** Opening Records for this task block **
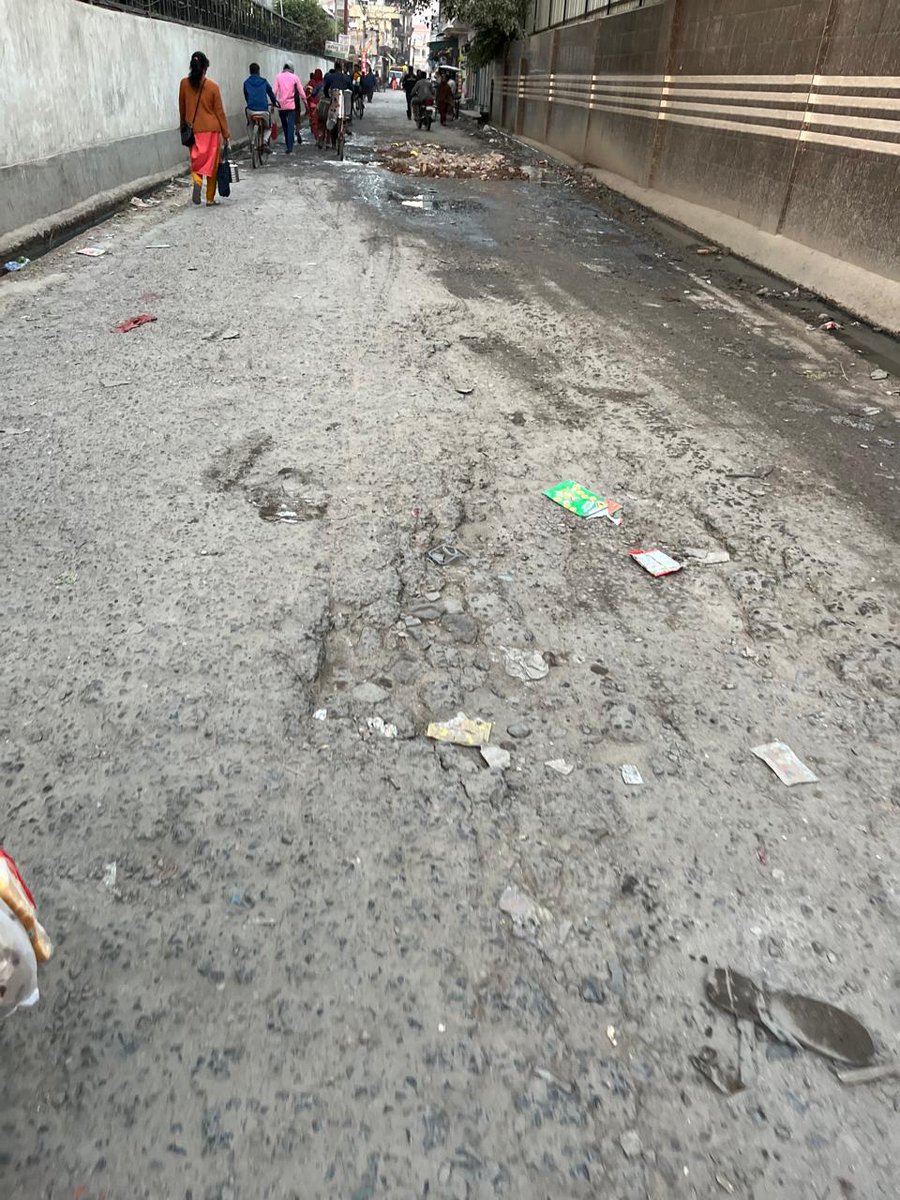 Findindian's tweet photo. @gdagzb
Location - Kanawani Village, Indirapuram, Ghaziabad.
Drainage is blocked, and the street road is broken. Please look into it.
@KirtiIla @TeamTHA_ @Hudleplay @AMRUTCityGzb @dm_ghaziabad @DainikBhaskar @fedaoagzb #spuddy #hudle https://t.co/i9a5T31O4v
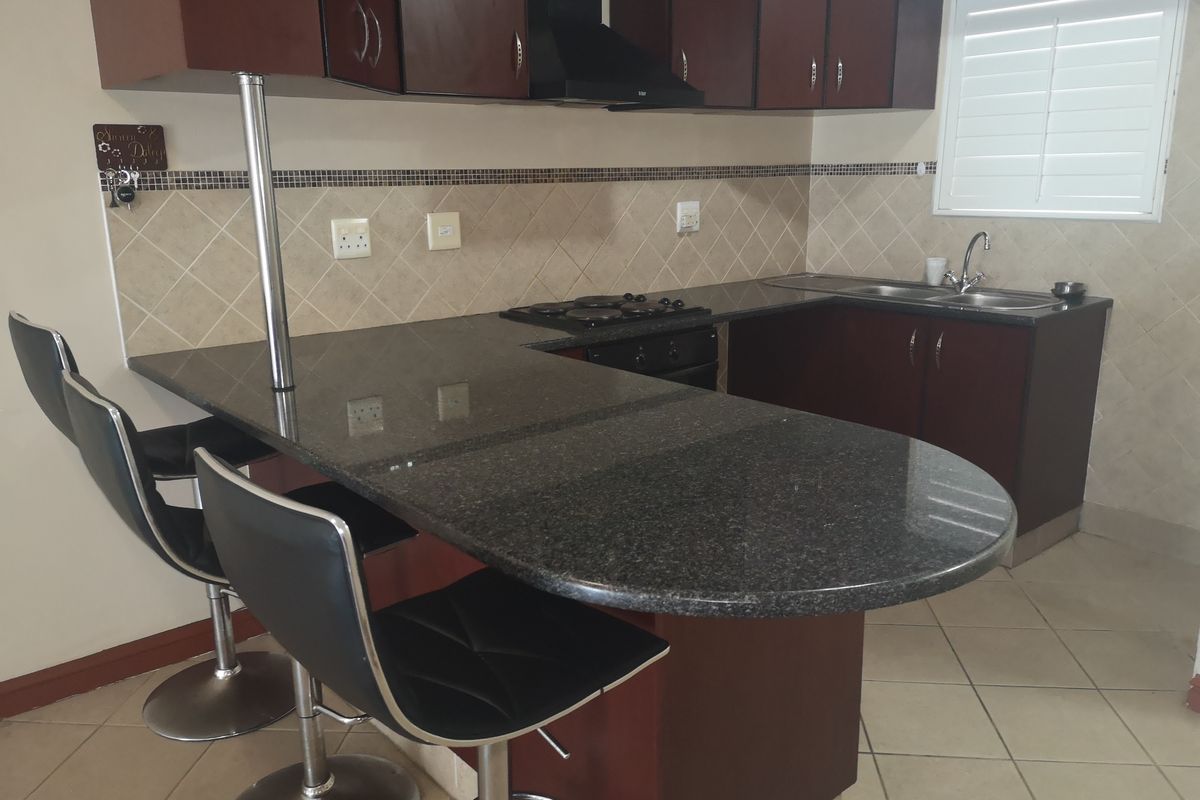 Prime  Property Presents A Stunning Two Bedroom Apartment Situated In Umhlanga Ridge - Photo 2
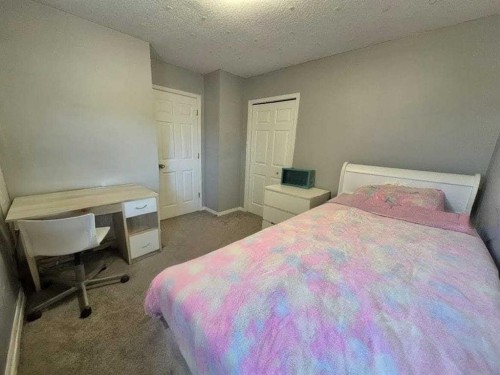 422 Bridlecreek Green Sw, Calgary, AB - Indoor Photo Showing Bedroom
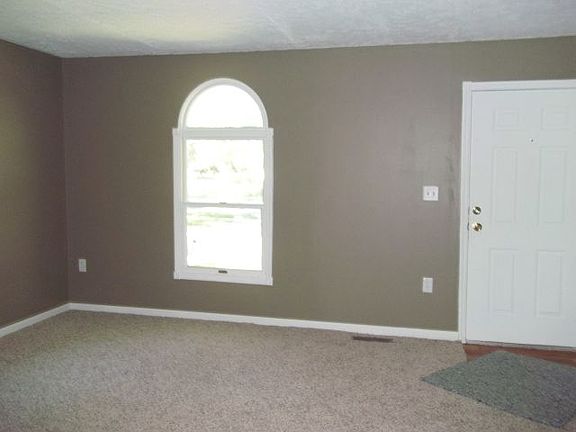 4th image of 54664 Suburban Dr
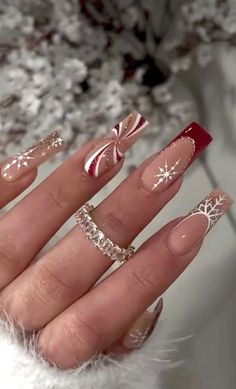 Winter Nails Gingerbread, Acrylic Nails Christian Design, French Tip Nail Designs Christmas, Chr Christmas Nails, Nail Inspo Trendy Christmas, Christmas Acrilycs Nails, Christmas/new Years Eve Nails, Gel X Winter Nails, Christmas Nail Acrylic Ideas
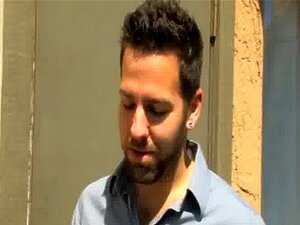 Modèles masculins Après que l'homme mince gargarise sa bite, Preston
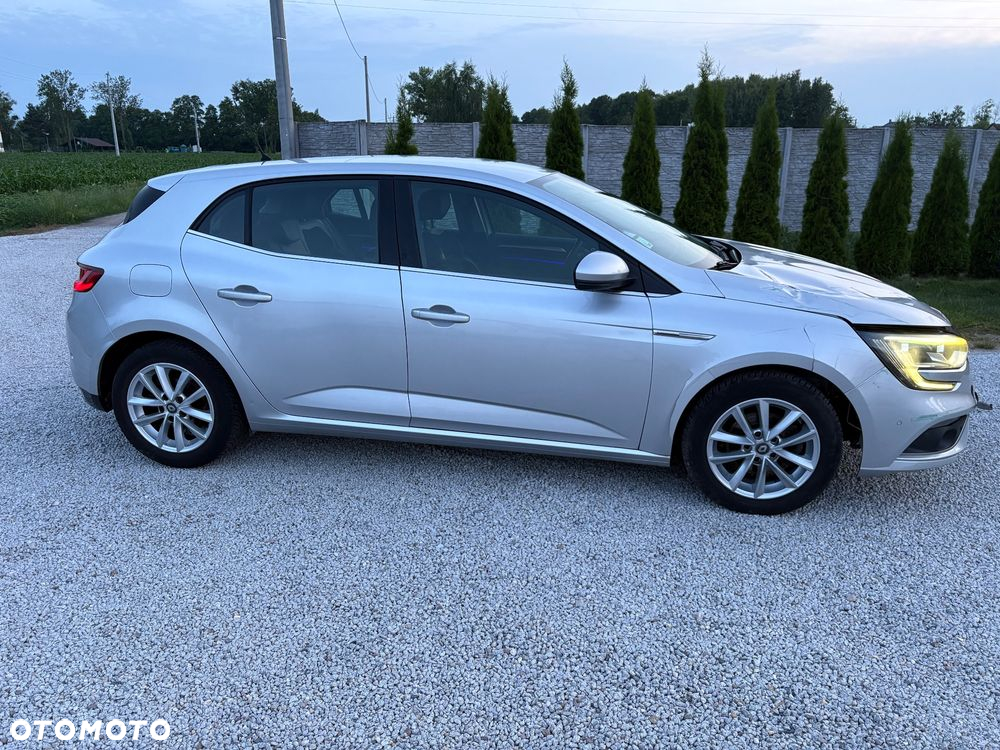 Renault Megane 1.5 dCi Intens EDC - 6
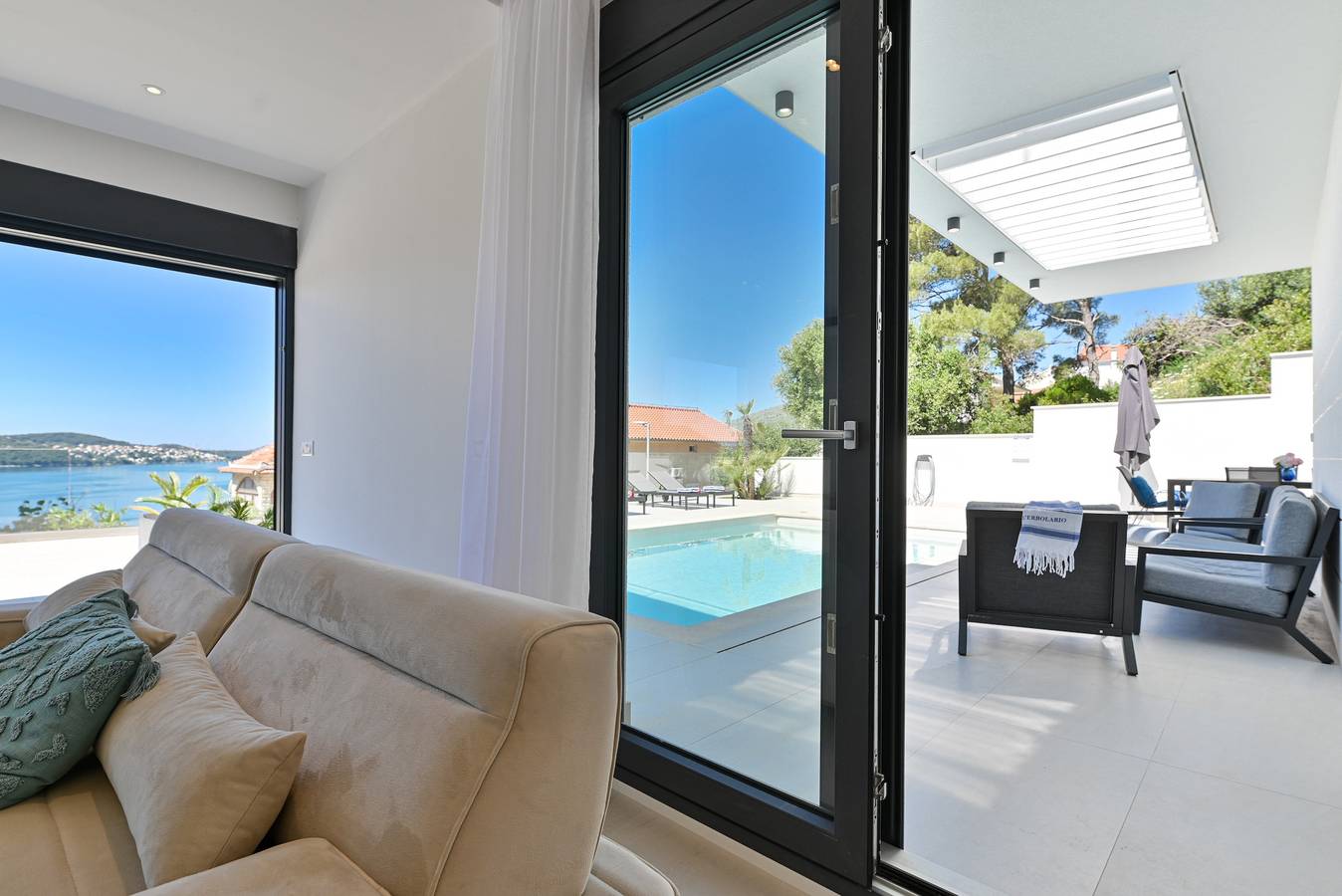 Villa Oasis - Five Bedroom Villa with Private Pool in Trogir, Ciovo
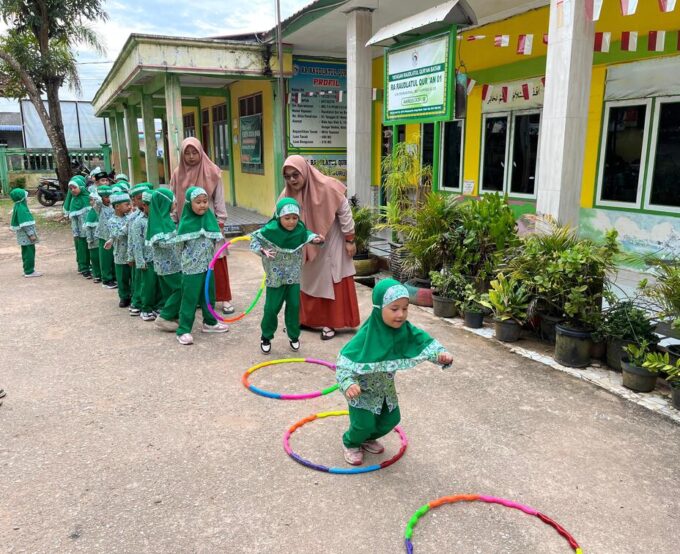 Menebar Kelembutan dalam Setiap Langkah Pendidikan Menebar Kelembutan dalam Setiap Langkah Pendidikan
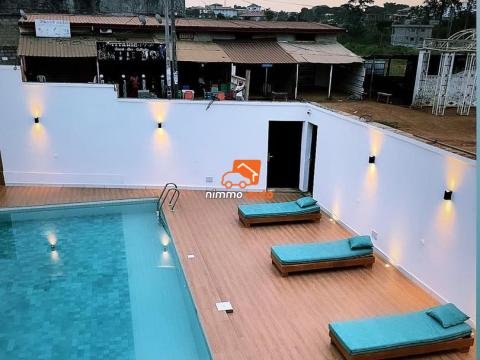 Studio meublé avec piscine à Odza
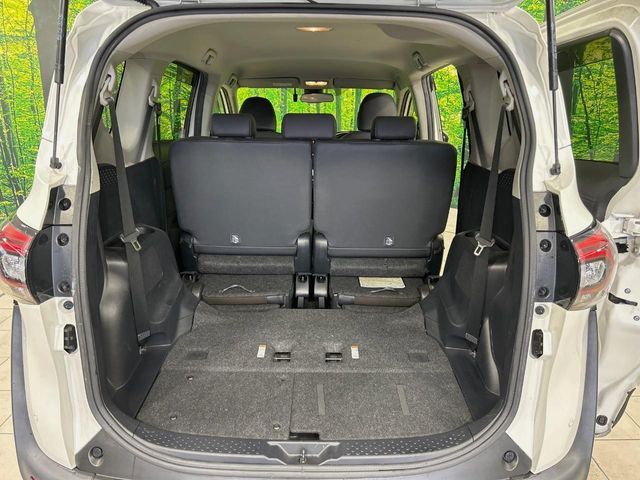 TOYOTA SIENTA HYBRID 2019 Image 31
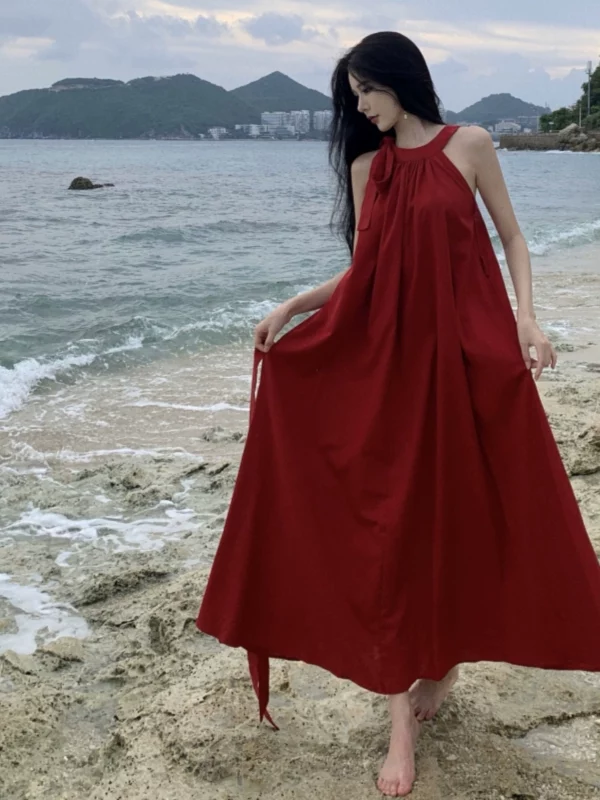 法式度假风无袖挂脖红色连衣裙女夏季云南三亚海边度假氛围感长裙 - 图片 3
** Closing Records for this task block **
* [About this task] The lines from the one that contains "Renault Megane 1.5 dCi Intens EDC - 6" through the end of the data, repeated exactly and with no pictures, make up the whole answer.

* [Response to the task]
 Renault Megane 1.5 dCi Intens EDC - 6
 Villa Oasis - Five Bedroom Villa with Private Pool in Trogir, Ciovo
 Menebar Kelembutan dalam Setiap Langkah Pendidikan Menebar Kelembutan dalam Setiap Langkah Pendidikan
 Studio meublé avec piscine à Odza
 TOYOTA SIENTA HYBRID 2019 Image 31
 法式度假风无袖挂脖红色连衣裙女夏季云南三亚海边度假氛围感长裙 - 图片 3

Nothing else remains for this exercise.